**Record extracts**.

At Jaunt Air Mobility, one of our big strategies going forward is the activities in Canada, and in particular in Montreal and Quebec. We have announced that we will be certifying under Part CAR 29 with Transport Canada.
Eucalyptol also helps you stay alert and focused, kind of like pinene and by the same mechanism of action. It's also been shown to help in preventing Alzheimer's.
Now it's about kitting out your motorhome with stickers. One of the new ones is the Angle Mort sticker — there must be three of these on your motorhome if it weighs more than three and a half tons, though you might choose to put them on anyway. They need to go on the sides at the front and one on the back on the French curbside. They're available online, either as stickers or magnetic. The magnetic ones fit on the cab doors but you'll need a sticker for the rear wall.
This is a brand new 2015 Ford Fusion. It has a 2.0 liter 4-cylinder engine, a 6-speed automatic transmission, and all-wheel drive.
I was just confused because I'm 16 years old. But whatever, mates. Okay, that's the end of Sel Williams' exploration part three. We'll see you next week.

---

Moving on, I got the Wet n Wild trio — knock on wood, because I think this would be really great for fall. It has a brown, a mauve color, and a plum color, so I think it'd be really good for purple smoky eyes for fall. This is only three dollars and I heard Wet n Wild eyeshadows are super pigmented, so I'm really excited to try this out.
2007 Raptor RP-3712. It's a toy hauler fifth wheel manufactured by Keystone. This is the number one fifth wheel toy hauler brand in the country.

**Work task**.
All lines above that include the word "because" should be located and copied.

**Finished task**.
I was just confused because I'm 16 years old. But whatever, mates. Okay, that's the end of Sel Williams' exploration part three. We'll see you next week.
Moving on, I got the Wet n Wild trio — knock on wood, because I think this would be really great for fall. It has a brown, a mauve color, and a plum color, so I think it'd be really good for purple smoky eyes for fall. This is only three dollars and I heard Wet n Wild eyeshadows are super pigmented, so I'm really excited to try this out.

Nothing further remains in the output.